Marvell Technology (MRVL) has been confirmed for inclusion in the S&P 500, triggering an after-hours rally driven by anticipation of mandatory passive-fund buying. S&P 500 additions require index-tracking ETFs and mutual funds — which collectively manage trillions in assets — to purchase shares before the effective inclusion date, creating a mechanical, price-insensitive bid that has historically lifted stocks 3-8% from announcement to inclusion.
Marvell's underlying fundamentals give the stock a credible anchor beyond the index event: revenue of $8.2B grew 42.1% YoY (FY2026), gross margins sit at 51%, and diluted EPS came in at $3.07. The company is a key beneficiary of AI-driven custom silicon and data center networking demand, which has driven the top-line acceleration. These numbers matter because they reduce the risk that active sellers overwhelm the passive bid.

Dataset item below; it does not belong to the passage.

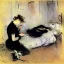 Placeholder: depressed woman typing at a smartphone laying on the floor of a dark bedroom, by berthe morisot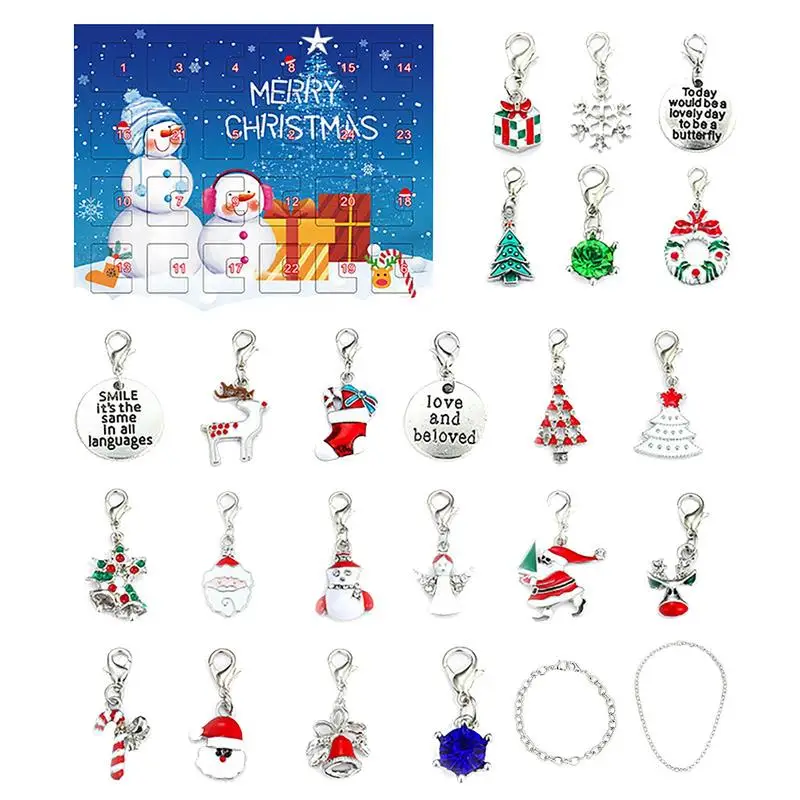 

Christmas Advent Calendar 24 Days Countdown Christmas Bracelet Necklace Jewelry Surprise Christmas Gift DIY Jewelry For Kids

The classic index-inclusion trade is long from announcement to effective date, then fade on or just after inclusion day — passive buyers have already accumulated by then, and momentum sellers often emerge. The window here is typically 1-3 weeks depending on when the effective date falls. The tension is whether MRVL's strong fundamental story sustains buying pressure beyond the mechanical event, or whether the stock gives back the inclusion pop once the forced buying is exhausted.
Key variables to watch: the announced effective inclusion date, the size of the float relative to index weight (which determines how much buying is required), and any concurrent sell-side price-target updates that could extend or compress the move. Short interest covering into the inclusion could also amplify the initial pop.